Thanks to international courts and tribunals, suspects of serious international crimes can be prosecuted. Often it is said that without these prosecutions, sustainable peace is not possible. Still, international courts are the target of much criticism. They are expensive, slow and have little effect on the countries in which the crimes happened.
Should we accept that international criminal justice ultimately contributes little to national peace, or are there possibilities to improve the system? During this HagueTalks, we will hear from three international experts what is needed to make a better connection between international criminal justice and the national context.
Koffi Afande: The position of victims
Koffi Afande was a judge for, amongst others, the International Criminal Tribunal for the Former Yugoslavia, and the International Criminal Tribunal for Rwanda. According to him, the apparent improvement of the status of victims in international criminal justice is deceiving. Therefore, a paradigmatic shift is necessary.

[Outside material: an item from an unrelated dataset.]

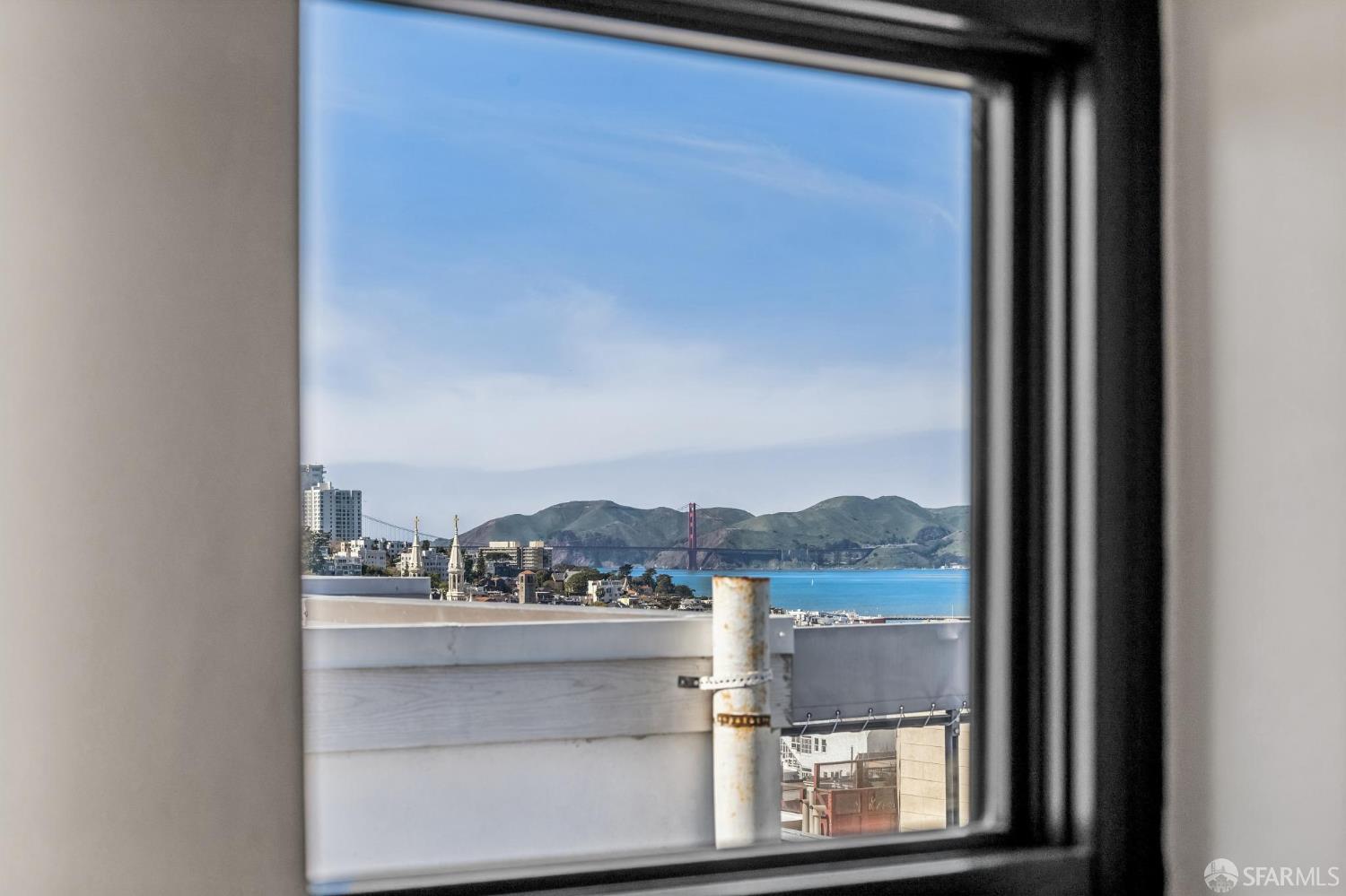 Detail Gallery Image 40 of 77 For 312 Green St, San Francisco,  CA 94122 - 5 Beds | 4/1 Baths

Judge Koffi Kumelio A. Afande was a judge for the Appeals Chamber of the ICTY / ICTR (former). Senior legal advisor of Togo in the United Nations Security Council, and the sixth Committee of the United Nations General Assembly (former). Commissioner for Political, Constitutional and Institutional Reforms of Togo.
FLAVIA SENOGA ANGLIN: National VS.The Hague
Flavia Senoga Anglin is a judge in Uganda. In her talk she discusses the functioning of the International Crimes Division of Uganda. This national court is complementary to the International Criminal Court and can prosecute perpetrators of international crimes. What has brought it to Uganda to persecute war criminals at the national level?
Judge Flavia Senoga Anglin has risen through the ranks from Grade I Magistrate to Judge and was the first woman Chief Registrar. She has written several papers and received the Distinguished Judicial Service Award. Furthermore, she is the Chairperson of National community Service Community.
Barbora Hola: Offender Rehabilitation – What Should we do?
Barbora Hola is the co-director of the Centre for International Criminal Justice. She talks about the rehabilitation and reintegration of war criminals by international courts and tribunals. International criminal courts and tribunals also aim to rehabilitate their convicts. More than half of those sentenced by the Yugoslavia and Rwanda Tribunals have already been released from prison. They do not have to acknowledge their responsibility, and can return back to their societies, often as war heroes. Is this the right approach? And is offender rehabilitation an appropriate goal for international criminal justice?
Barbora Hola is a Senior Researcher at the Netherlands Institute for the Study of Crime and Law Enforcement and an Associate Professor at the Department of Criminal Law and Criminology at the Vrije Universiteit Amsterdam. She is a co-director of the Centre for International Criminal Justice, a knowledge centre dedicated to interdisciplinary studies of mass atrocity crimes and international criminal justice. In her research, Barbora focuses on transitional justice after atrocities, in particular (international) criminal trials, sentencing of international crimes, rehabilitation and reintegration of war criminals, particularly in Bosnia and Rwanda.